While the stock market continues to boom, interest rates on U.S. government debt are sending a mild signal of caution. The yield curve has been flattening.
An inverted yield curve – where long-term rates are lower than short-term rates – is a signal of recession. Investors are locking in longer-term rates, while borrowers are going after shorter-term loans.
On January 3, 2017, the 3-month rate on U.S. Treasuries was 0.53%. The 10-year yield was 2.45%.
On June 2, 2017 (5 months into the calendar year), the 3-month yield stood at 0.98%. The 10-year yield was at 2.15%.
In other words, shorter-term rates have risen, while longer-term rates have fallen. The change is not dramatic, but it is not insignificant either. The yield curve is flattening.
We’ll see if this trend holds. There have not been any really major movements during this time. It has been mostly gradual.
One question is: Why are longer-term rates falling when the Fed is essentially promising hikes to its target federal funds rate?
Another question is: Why are longer-term rates falling when stocks have been booming and hitting all-time nominal highs?
There is a disconnect between long-term rates and stocks.
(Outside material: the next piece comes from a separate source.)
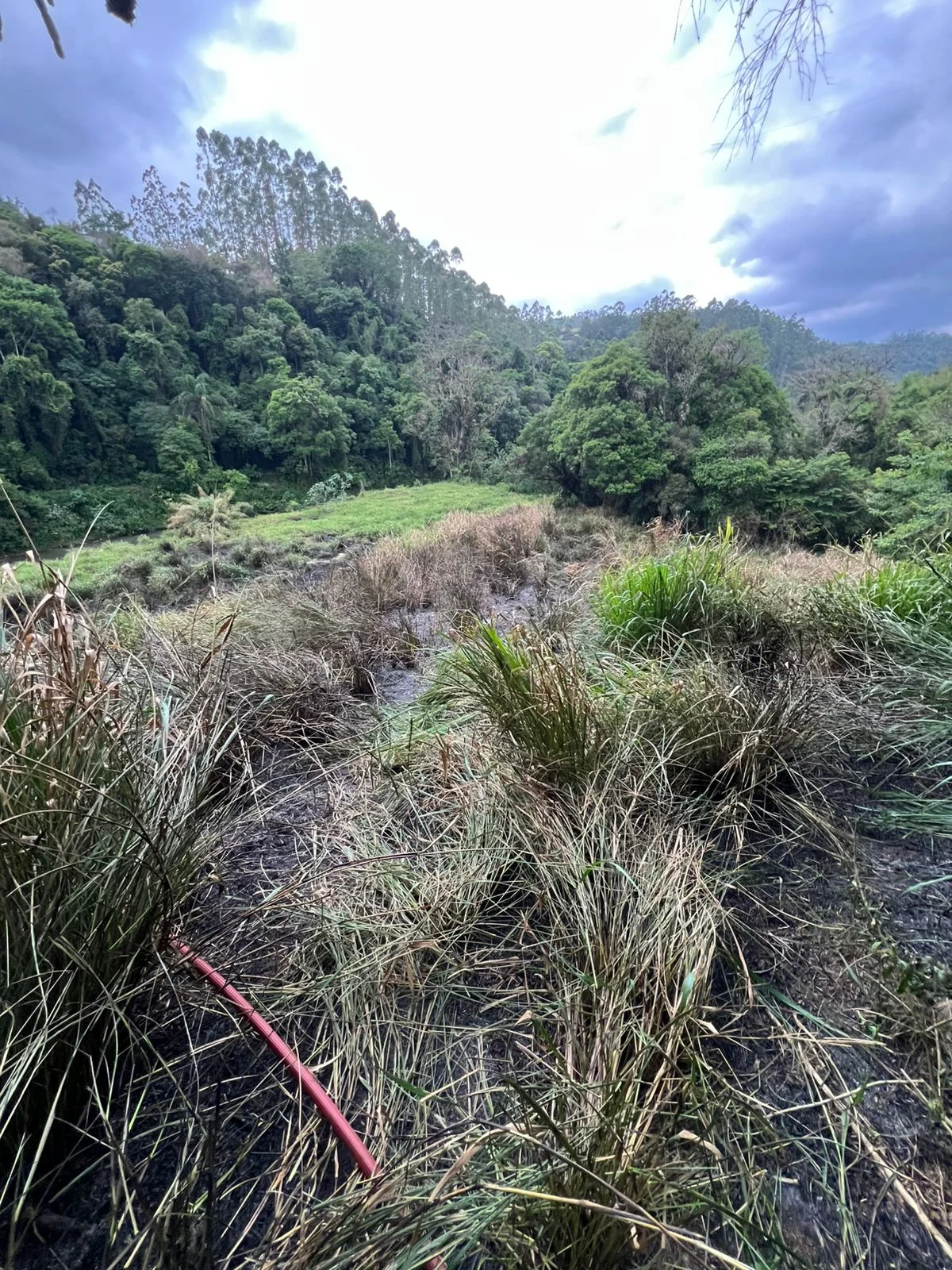 Whatsapp Image 2025 11 24 At 06.16.56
Stock investors are telling us to let the good times roll. Meanwhile, bond investors are telling us to throw up the caution flag. Which one is right?
I think stock investors have more influence in the short term. We all know that bubbles can last far longer than it seems possible.
With that said, the bond investors tend to get the last laugh. I tend to put my money on the bond investors over the stock investors in the longer run.